Ayer 20 de Enero, se cumplió un año desde que Obama juró su cargo ante el Capitolio frente a una multitud enardecida y con todos los ojos del mundo puestos sobre él. Hoy se multiplican los balances que tratan de saber si ese año ha respondido a las expectativas o no, y como envenenado regalo de aniversario, la derrota demócrata en las elecciones de Massachussets viene a recordar que Obama no sólo es humano, como algunos habían olvidado, sino que su proyecto corre riesgo de naufragar.
Si ponemos el listón en las infinitas expectativas que se desataron a su llegada a la presidencia, es obvio que Obama ha fracasado, como lo hubiera hecho igualmente Buda, Cristo, porque pedir imposibles genera decepciones. Si comparamos de donde venimos la presidencia norteamericana ha resuelto algunos problemas, se ha encontrado con que otros son más complejos de lo previsto y en algunos casos directamente no ha sabido que hacer. Por poner un ejemplo interno del país, el debate sobre la reforma sanitaria, en el que fracasaron los anteriores presidentes demócratas, empezó con mucha fuerza pero ha ido reduciendo su ambición y dimensiones en aras de ser aprobado, en un interesante ejercicio práctico que demuestra como la política es el arte de lo posible. Pos cierto, la citada derrota de Massachussets complica mucho la mayoría demócrata en el Senado y puede ser un grave problema de cara a aprobar esa reforma y otras normas importantes. En cuestiones internacionales Obama se ha encontrado que la teoría del diálogo no funciona ante sátrapas como Chávez o Ajmadineyad, y menos aún ante Al Queda y la guerra de Afganistán. Hubo suerte en el intento de atentado de Nochebuena en Detroit y gracias a ello ahora no tenemos una nueva guerra en marcha en Yemen, pero puede ser mera cuestión de tiempo. Los socios de Obama, europeos principalmente, alaban mucho su política y carisma, pero Estados Unidos obtiene de ellos tan poco como cuando recibía collejas en la frente de Bush.

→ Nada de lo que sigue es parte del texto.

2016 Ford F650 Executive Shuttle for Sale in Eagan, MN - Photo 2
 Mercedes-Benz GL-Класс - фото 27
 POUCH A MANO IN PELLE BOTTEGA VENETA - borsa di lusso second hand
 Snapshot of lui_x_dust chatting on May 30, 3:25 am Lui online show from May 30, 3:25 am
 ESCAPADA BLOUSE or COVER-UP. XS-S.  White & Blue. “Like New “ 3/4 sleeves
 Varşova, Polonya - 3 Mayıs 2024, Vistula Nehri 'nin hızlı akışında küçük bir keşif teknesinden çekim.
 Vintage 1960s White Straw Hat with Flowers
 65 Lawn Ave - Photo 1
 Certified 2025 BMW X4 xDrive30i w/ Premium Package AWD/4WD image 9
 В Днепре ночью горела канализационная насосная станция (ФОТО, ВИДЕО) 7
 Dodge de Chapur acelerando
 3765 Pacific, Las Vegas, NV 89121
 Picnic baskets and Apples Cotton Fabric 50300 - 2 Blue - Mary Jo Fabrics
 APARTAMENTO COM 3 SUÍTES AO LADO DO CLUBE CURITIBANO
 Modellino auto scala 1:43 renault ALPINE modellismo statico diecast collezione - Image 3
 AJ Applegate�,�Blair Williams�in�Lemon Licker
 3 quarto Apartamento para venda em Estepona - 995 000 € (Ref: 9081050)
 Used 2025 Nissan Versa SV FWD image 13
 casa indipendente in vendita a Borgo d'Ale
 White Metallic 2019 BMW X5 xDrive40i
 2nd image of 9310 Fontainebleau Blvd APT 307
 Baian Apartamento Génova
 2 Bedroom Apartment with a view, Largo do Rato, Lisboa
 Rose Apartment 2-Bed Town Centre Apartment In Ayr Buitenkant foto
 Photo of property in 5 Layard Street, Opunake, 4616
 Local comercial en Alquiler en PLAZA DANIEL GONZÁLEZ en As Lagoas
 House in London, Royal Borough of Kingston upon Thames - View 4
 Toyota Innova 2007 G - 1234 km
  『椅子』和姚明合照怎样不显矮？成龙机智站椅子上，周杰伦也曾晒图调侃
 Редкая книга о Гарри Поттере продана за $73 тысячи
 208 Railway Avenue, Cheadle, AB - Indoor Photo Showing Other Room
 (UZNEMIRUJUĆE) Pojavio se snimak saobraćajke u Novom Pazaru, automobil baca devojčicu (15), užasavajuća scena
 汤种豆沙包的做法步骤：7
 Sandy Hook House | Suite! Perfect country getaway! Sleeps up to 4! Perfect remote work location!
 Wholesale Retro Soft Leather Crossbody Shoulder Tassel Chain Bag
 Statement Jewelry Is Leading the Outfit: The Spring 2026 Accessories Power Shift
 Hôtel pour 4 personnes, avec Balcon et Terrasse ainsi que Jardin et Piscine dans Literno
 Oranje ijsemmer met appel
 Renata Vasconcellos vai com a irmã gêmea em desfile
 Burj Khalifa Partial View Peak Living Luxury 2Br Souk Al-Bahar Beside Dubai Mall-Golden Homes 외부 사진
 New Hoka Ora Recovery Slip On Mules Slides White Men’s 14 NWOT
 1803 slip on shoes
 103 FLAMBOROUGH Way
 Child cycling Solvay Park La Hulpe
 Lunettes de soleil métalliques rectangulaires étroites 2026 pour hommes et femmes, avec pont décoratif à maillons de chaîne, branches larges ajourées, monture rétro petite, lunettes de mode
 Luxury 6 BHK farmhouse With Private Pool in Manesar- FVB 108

Poco a poco Norteamérica vira y pone sus ojos en China, principal socio y rival en lo económico, y potencial contrincante en todo lo demás. Quizás sea la sunción de ese liderato global compartido por los dos países y su puesta en práctica ante el resto del mundo lo que más me ha llamado la atención durante este año de política exterior americana. El otro inmenso reto al que se enfrenta la administración demócrata es la crisis económica, y su gestión, y el que el paro no deje de crecer es probablemente lo que más popularidad le ha podido restar en este tiempo, situándolo ahora un poco por debajo del 50% de aprobación. Las intervenciones bancarias, los planes de estímulo y otras medidas no logran remontar el empleo en los EE.UU. mientras que los bonos de los ejecutivos financieros no dejan de crecer y el agujero que separa los intereses de Wall Street (las finanzas y empresas) y Main Street (la política y necesidades del ciudadano norteamericano) se ensancha sin remisión.
No nos engañemos. Es este asunto de la crisis, y el que EE.UU. logre salir de la misma, lo que va a marcar la presidencia de Obama y medirá su grado de acierto o fracaso, que se enfrenta a una dura prueba en las elecciones parciales de Noviembre de este año. Por de pronto en pocos días asistiremos a la renovación en su cargo (o no) de Ben Bernanke como presidente de la Reserva Federal. Si es renovado Obama habrá ganado una batalla, pero si es destituido su presidencia sufrirá un duro golpe interno, y no está ahora en las mejores condiciones posibles para soportar un envite de esas dimensiones.